Um golpe, militar e/ou parlamentar,  se constrói primeiro assim, na opinião pública, de forma metódica. O da Dilma foi sendo construído desde o começo do governo Lula, até que uma situação econômica desfavorável fornecesse o combustível necessária para a arrancada final: a farsa sexista, tão bem resumida no voto impotente e indignado do Jean Wyllys [alguém que nada tinha de envolvimento direto com os governos petistas, diga-se de passagem]. 

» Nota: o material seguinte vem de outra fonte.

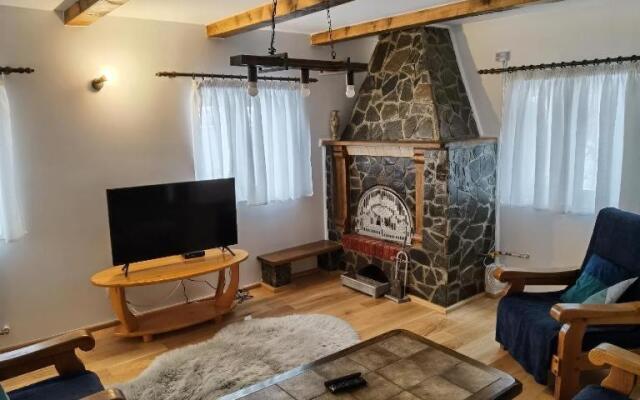 Rustic House Busteni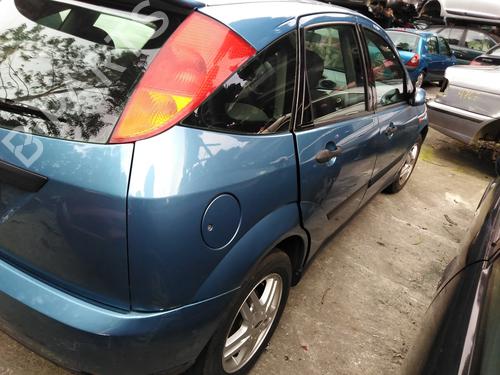 Left front indicator FORD FOCUS I (DAW, DBW) 1.6 16V | BP8470820C32 
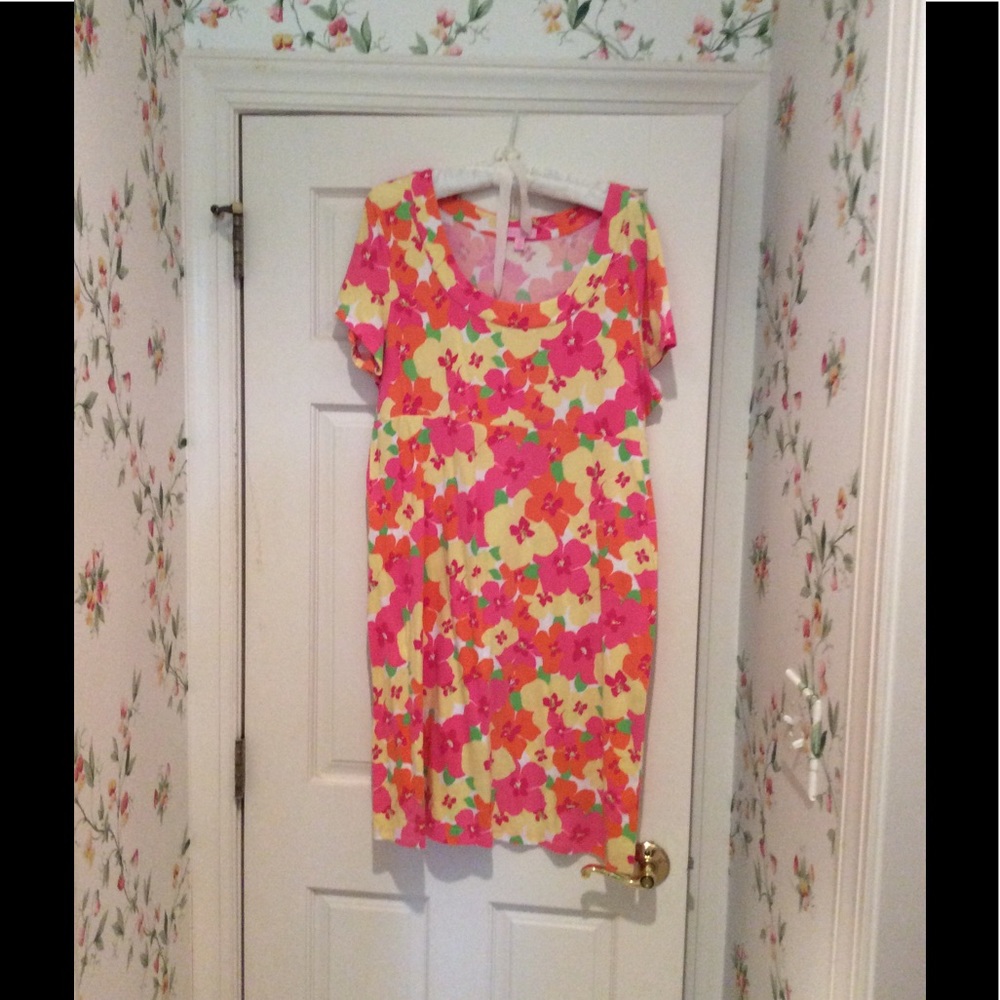 Talbots Cotton Dress XL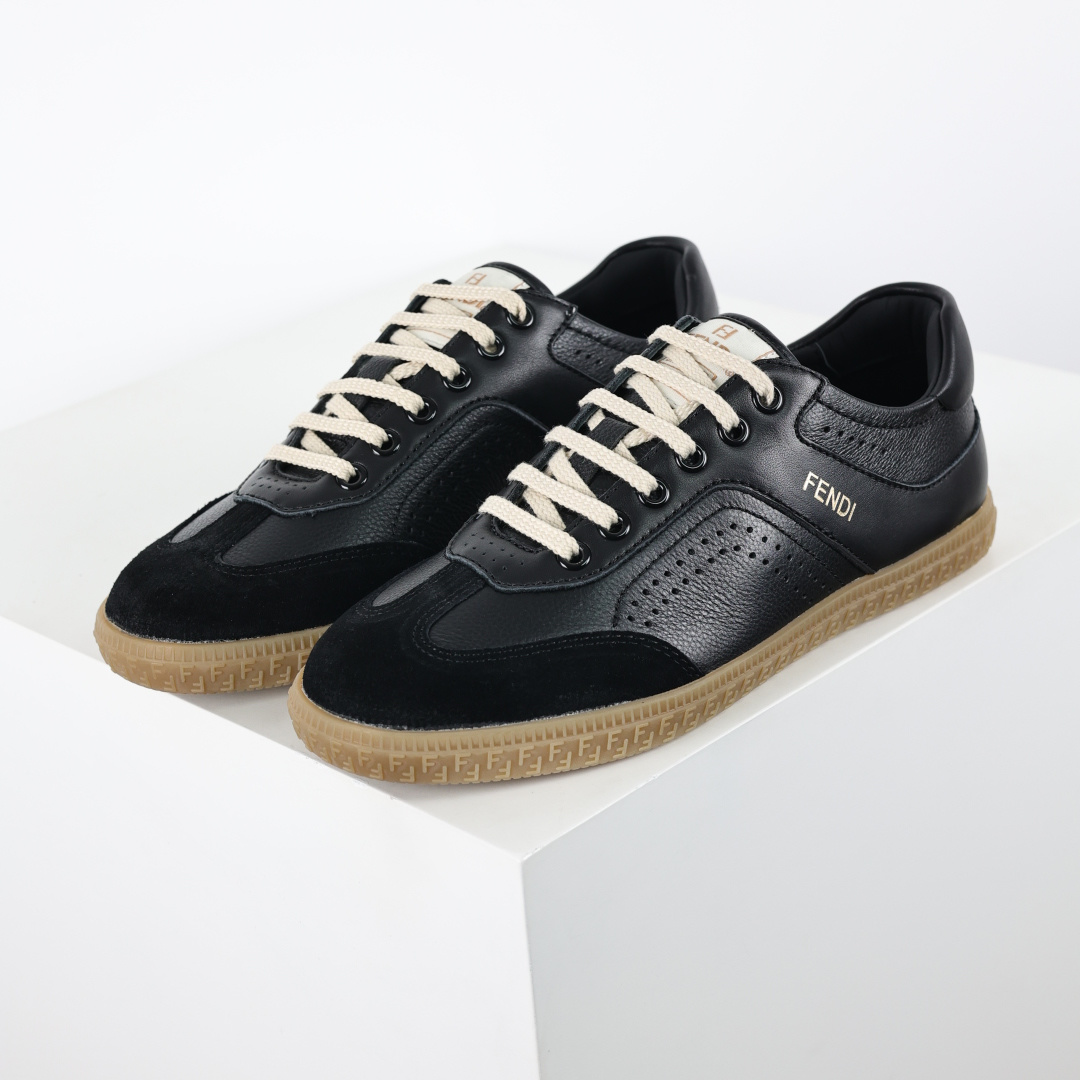 Fendi Board Shoes L-s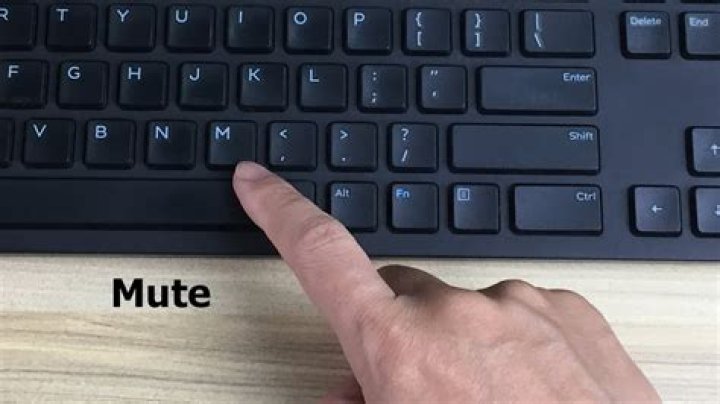 How do I mute my line?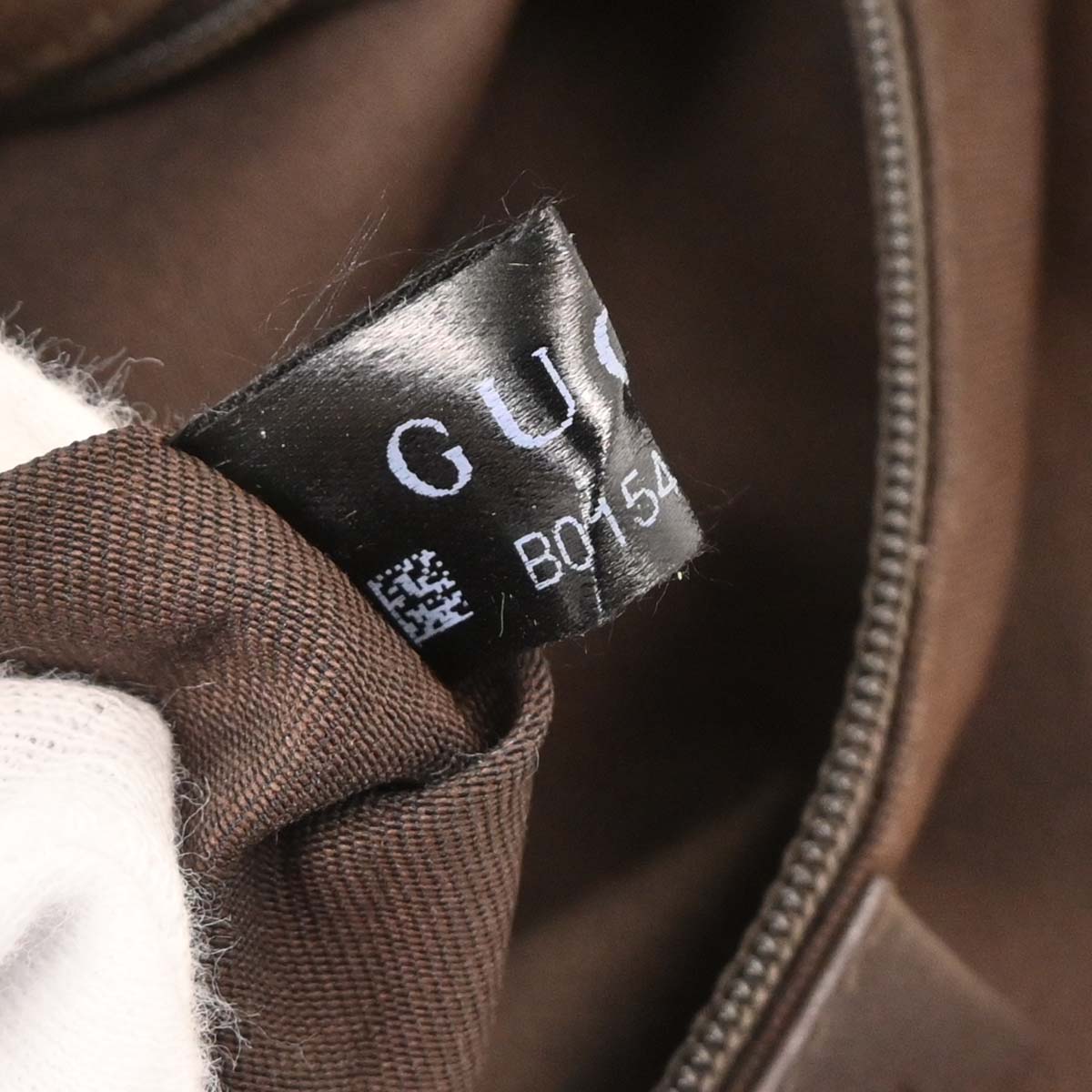 Gucci Brown Beige GG Tote Bag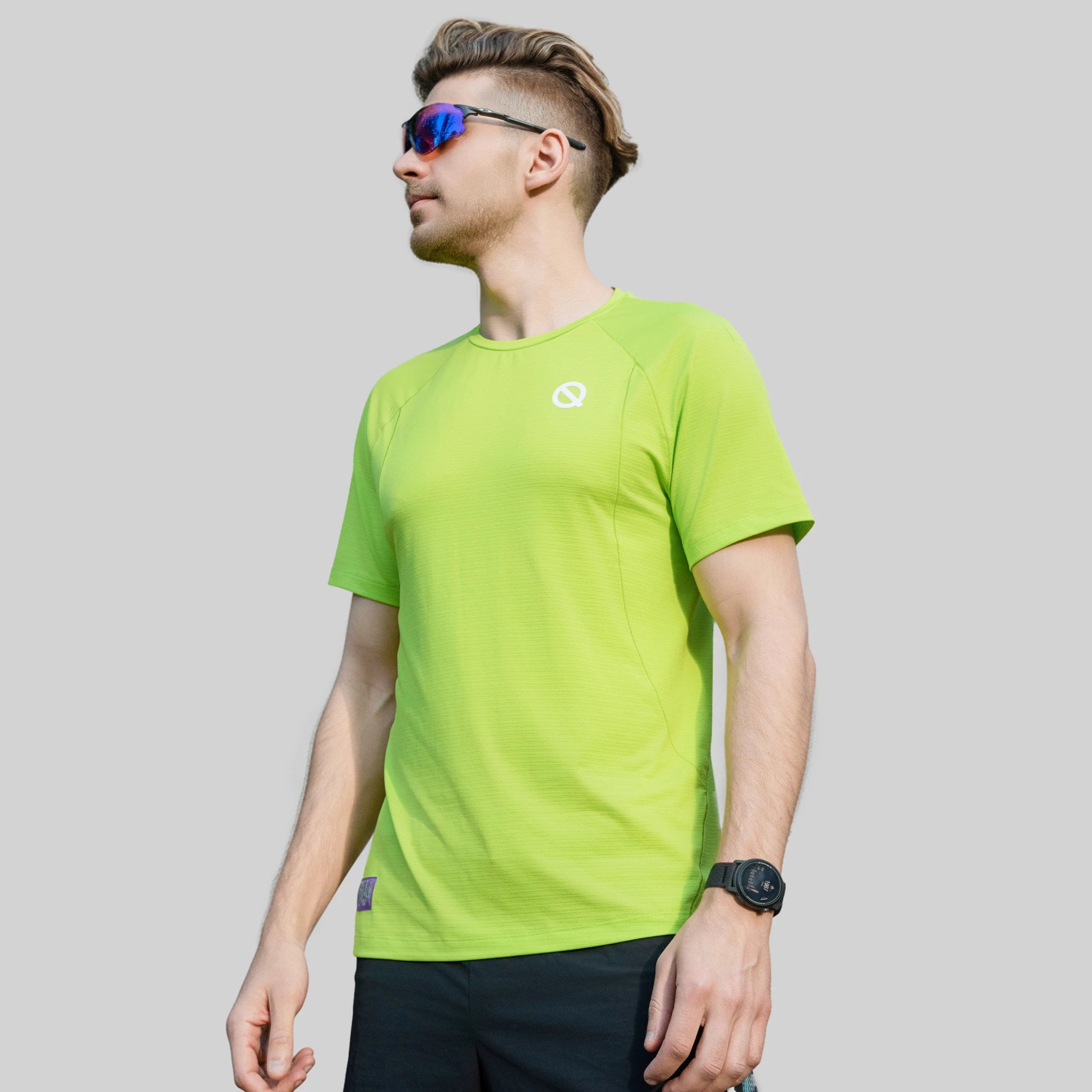 VentShutter Running T-Shirt
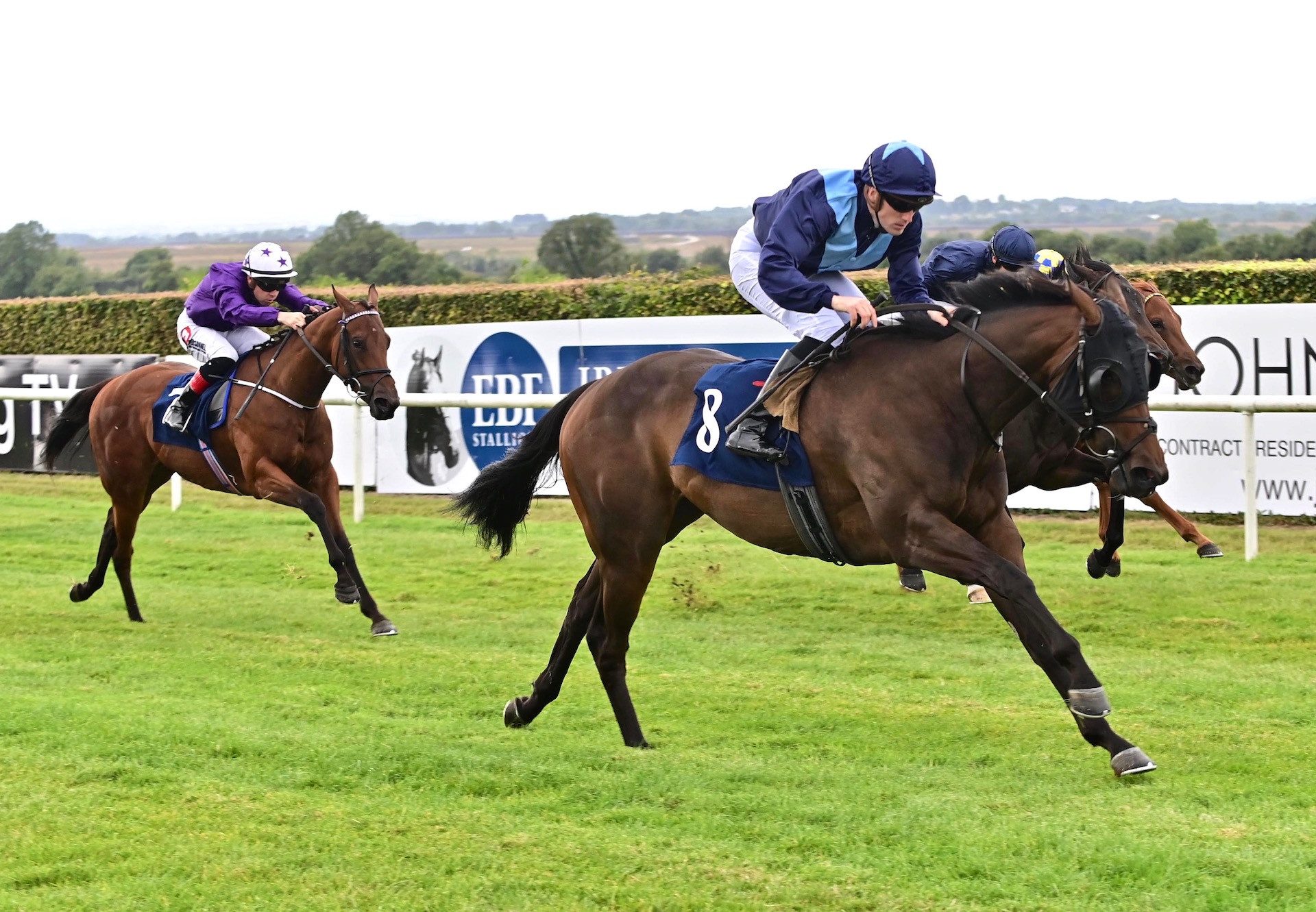 Noble Yeats (Yeats) Wins The Listed Chase At Wexford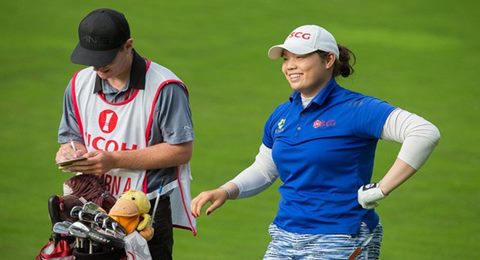 Ariya Jutanugarn, la autoridad hecha golfista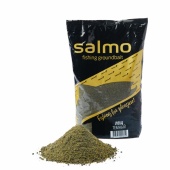 Прикормка рыболовная SALMO Лещ тёмный 1кг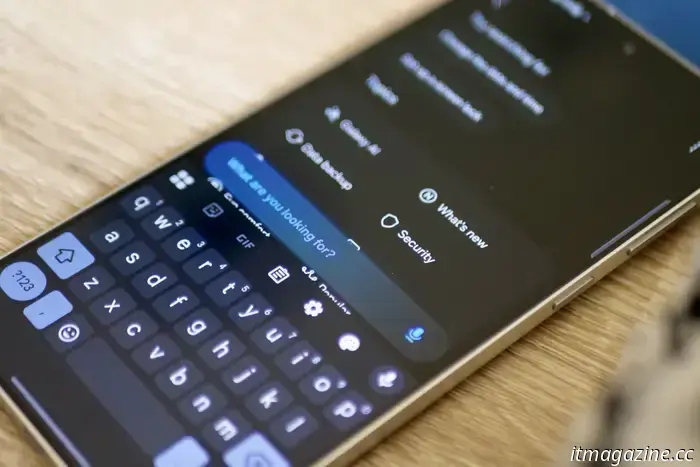 La One UI 7 de Samsung es buena, pero cambiar esta configuración la mejora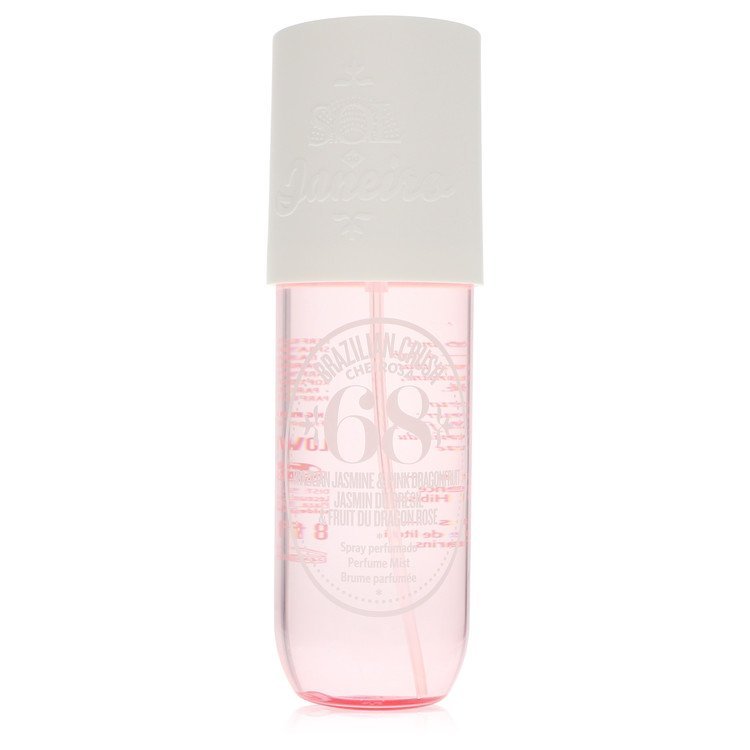 Sol De Janeiro Brazilian Crush Cheirosa 68 by Sol De Janeiro Hair & Body Perfume Spray 8 oz for Women
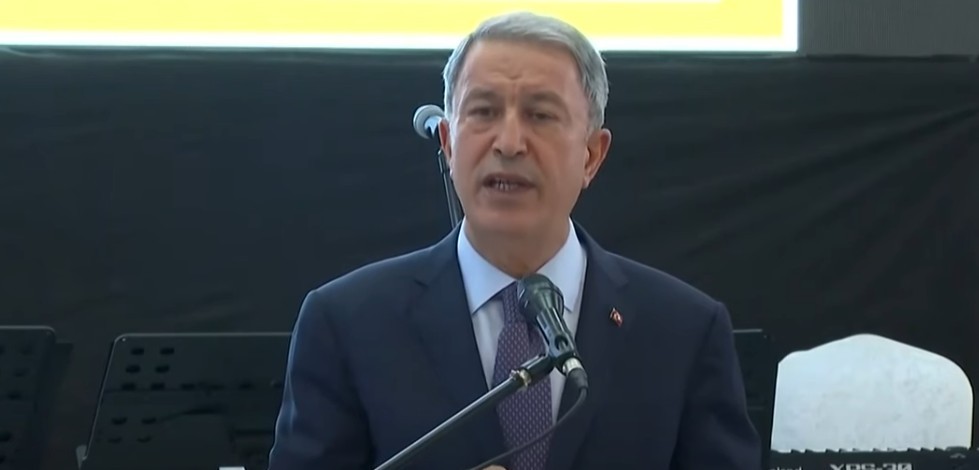 Ρεσιτάλ προκλητικότητας από τον Ακάρ – “Δεν επιτρέπουμε τετελεσμένα σε Αιγαίο, Ανατολική Μεσόγειο και Κύπρο”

Percebo agora a maneira como o amplo apoio ao governo Bolsonaro se dissolve e penso no que aconteceu com o regime de 1964. Houve gente do campo conservador como o próprio Cony e mais ainda como Tristão de Athayde, que saltou da barca quando o golpe era uma "revolução triunfante", quando a economia tinha sido "consertada" e crescia com vigor, quando o "Brasil do Tri" se ufanava que aquele, sim, era um país que ia para a frente. Saltaram da barca porque tomaram partido contra as ameaças para intimidação, as prisões arbitrárias, a tortura, os assassinatos, a censura, a falta de liberdade de opinião e todo esse lamaçal da ditadura também afogava o país. Depois, muito depois, quando chegaram ao radar de todos [a realidade vai batendo à porta cada vez mais forte] a hiperinflação, a dívida externa insustentável, a estagnação da economia e a corrupção. Quando a gente ia lendo sobre as manifestações e os escândalos chegando às primeiras páginas de JB, Globo, Folha e Estadão, meu pai sempre me alertava [eu era bem jovenzinho]: não se deixe enganar por que todos esses quatro são profundamente reacionários e apoiaram o golpe e a ditadura. 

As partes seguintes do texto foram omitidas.